ABOUT THIS TASK - Give again, exactly as written, each line of the material below starting at the line that contains "Ruby Emerald Pearl Set" and ending at the line that contains "Aerial photograph Düsseldorf". Both ends count, and no other line does.

RECORDS TO USE -
======

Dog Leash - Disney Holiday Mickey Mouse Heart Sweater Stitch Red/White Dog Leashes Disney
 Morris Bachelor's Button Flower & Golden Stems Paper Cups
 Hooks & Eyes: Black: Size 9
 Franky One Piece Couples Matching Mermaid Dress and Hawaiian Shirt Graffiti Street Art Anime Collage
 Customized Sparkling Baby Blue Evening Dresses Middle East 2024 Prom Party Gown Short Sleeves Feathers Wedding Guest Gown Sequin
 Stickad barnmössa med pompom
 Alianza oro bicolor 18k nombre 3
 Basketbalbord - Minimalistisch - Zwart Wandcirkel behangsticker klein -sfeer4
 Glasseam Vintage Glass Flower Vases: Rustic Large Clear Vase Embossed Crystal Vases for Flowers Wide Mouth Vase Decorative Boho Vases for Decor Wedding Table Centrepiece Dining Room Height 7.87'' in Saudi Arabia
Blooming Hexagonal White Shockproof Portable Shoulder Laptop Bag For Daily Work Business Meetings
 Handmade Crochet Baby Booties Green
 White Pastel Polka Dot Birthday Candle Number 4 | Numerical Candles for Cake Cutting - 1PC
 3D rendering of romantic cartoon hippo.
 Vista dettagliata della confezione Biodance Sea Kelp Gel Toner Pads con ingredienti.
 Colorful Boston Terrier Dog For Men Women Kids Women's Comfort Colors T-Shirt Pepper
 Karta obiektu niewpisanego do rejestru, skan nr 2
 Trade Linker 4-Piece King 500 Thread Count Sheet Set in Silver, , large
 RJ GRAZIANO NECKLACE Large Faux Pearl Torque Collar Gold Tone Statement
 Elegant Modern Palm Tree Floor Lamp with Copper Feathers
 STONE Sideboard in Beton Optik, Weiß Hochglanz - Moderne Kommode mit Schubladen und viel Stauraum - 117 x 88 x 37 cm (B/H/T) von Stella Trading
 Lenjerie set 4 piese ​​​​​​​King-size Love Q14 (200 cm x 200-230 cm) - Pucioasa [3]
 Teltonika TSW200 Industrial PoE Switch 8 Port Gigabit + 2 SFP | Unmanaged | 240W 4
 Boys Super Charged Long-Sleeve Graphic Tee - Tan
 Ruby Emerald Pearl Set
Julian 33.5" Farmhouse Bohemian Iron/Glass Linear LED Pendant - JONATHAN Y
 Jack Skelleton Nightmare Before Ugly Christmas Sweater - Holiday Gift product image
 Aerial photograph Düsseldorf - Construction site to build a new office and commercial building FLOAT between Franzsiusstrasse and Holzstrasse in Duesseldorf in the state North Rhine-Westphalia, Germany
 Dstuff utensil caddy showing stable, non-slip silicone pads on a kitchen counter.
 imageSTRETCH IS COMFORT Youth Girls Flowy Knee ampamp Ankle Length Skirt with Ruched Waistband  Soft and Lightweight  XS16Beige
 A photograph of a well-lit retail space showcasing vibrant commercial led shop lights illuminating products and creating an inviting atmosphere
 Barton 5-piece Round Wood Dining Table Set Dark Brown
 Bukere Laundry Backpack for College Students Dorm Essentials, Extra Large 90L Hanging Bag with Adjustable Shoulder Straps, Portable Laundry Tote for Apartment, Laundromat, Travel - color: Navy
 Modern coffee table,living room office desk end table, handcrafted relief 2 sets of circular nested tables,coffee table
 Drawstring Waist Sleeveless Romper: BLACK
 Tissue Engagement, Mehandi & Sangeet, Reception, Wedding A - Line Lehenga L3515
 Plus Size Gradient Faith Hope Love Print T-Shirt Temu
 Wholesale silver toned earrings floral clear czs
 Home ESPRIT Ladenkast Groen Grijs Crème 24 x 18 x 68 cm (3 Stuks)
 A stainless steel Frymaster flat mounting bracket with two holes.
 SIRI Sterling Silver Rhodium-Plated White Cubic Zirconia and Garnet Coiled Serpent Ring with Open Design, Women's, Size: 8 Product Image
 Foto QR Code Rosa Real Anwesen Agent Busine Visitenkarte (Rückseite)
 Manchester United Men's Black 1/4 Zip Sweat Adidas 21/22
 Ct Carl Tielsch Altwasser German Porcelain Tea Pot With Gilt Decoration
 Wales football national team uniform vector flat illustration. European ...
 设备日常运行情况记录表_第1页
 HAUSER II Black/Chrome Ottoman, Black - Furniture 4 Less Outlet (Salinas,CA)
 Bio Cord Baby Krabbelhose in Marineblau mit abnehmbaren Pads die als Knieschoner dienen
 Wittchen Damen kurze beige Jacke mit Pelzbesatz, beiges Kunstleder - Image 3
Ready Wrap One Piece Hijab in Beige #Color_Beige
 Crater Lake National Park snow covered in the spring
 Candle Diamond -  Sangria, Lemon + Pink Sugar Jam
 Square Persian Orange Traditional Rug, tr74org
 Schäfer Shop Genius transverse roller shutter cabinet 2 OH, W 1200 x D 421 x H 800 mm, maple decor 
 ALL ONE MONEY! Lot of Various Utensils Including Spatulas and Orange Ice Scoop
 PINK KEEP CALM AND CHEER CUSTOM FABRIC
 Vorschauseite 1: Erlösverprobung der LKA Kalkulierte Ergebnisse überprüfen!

======

ANSWER SPACE -
 Ruby Emerald Pearl Set
Julian 33.5" Farmhouse Bohemian Iron/Glass Linear LED Pendant - JONATHAN Y
 Jack Skelleton Nightmare Before Ugly Christmas Sweater - Holiday Gift product image
 Aerial photograph Düsseldorf - Construction site to build a new office and commercial building FLOAT between Franzsiusstrasse and Holzstrasse in Duesseldorf in the state North Rhine-Westphalia, Germany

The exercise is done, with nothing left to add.